YOUR GOAL: Leaving out the images, repeat all the lines below exactly.

THE DATA:
*** Block opens ***

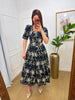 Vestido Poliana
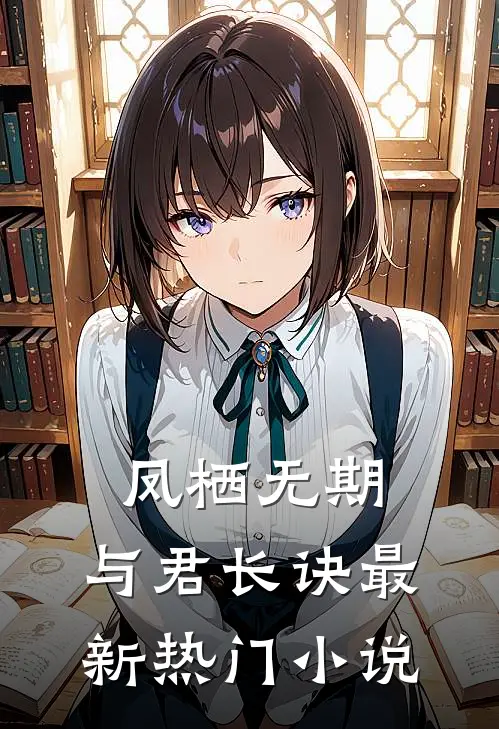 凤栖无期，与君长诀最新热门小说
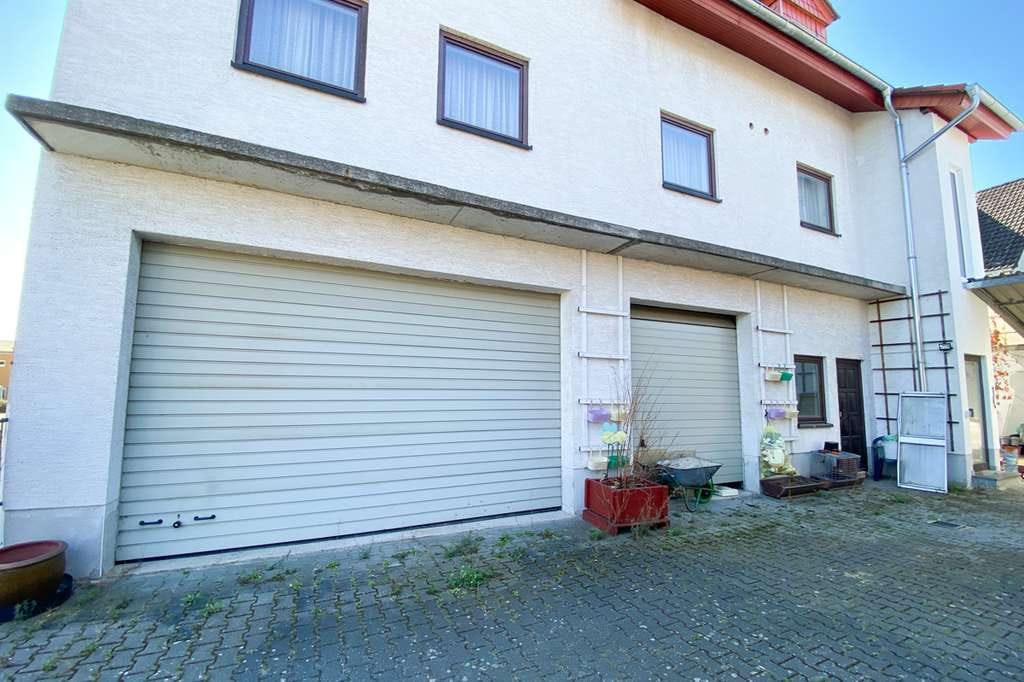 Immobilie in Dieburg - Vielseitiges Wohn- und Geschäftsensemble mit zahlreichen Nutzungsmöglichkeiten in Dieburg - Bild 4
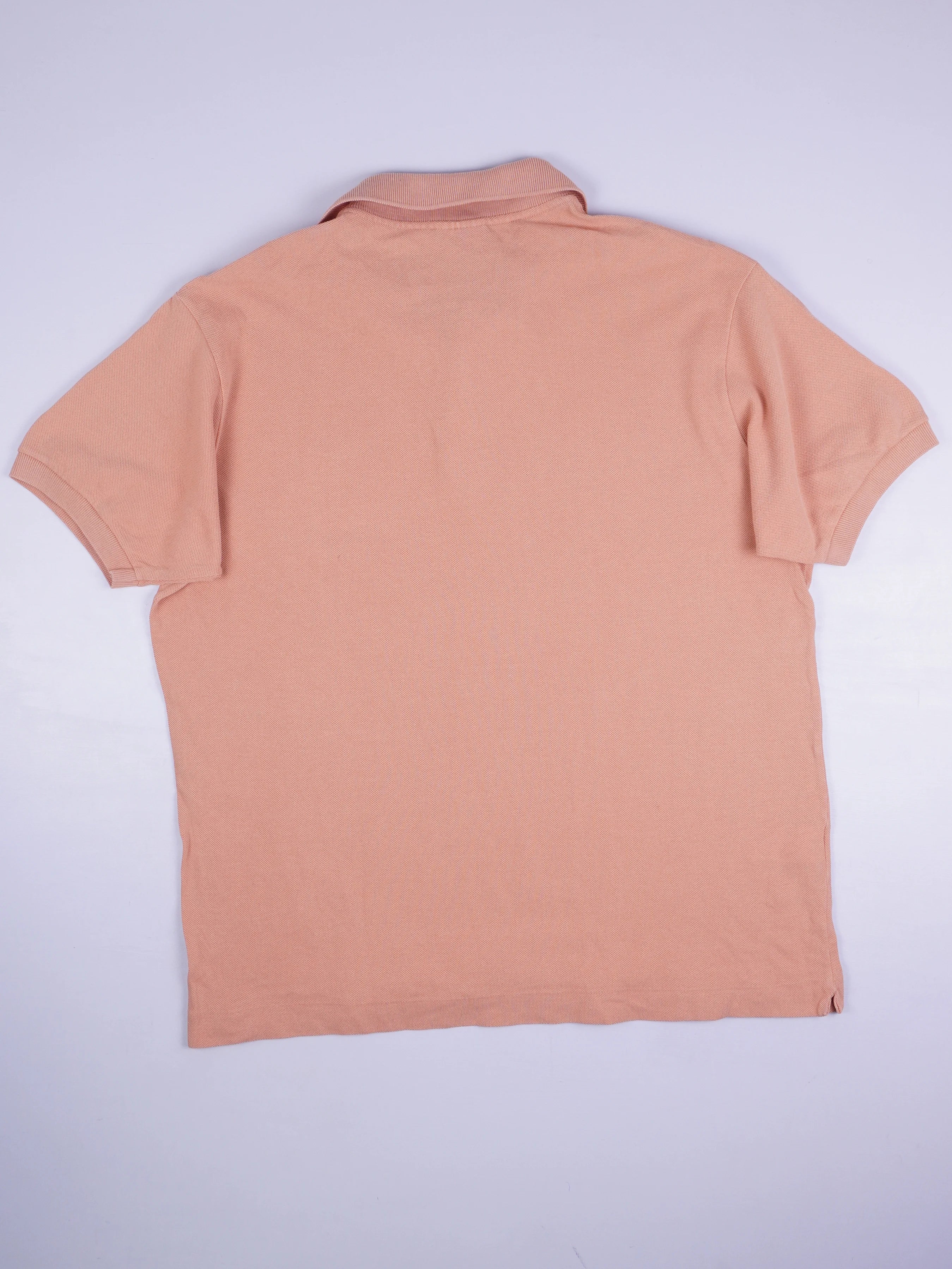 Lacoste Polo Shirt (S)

*** Block closes ***

EXERCISE OUTPUT:
 Vestido Poliana
 凤栖无期，与君长诀最新热门小说
 Immobilie in Dieburg - Vielseitiges Wohn- und Geschäftsensemble mit zahlreichen Nutzungsmöglichkeiten in Dieburg - Bild 4
 Lacoste Polo Shirt (S)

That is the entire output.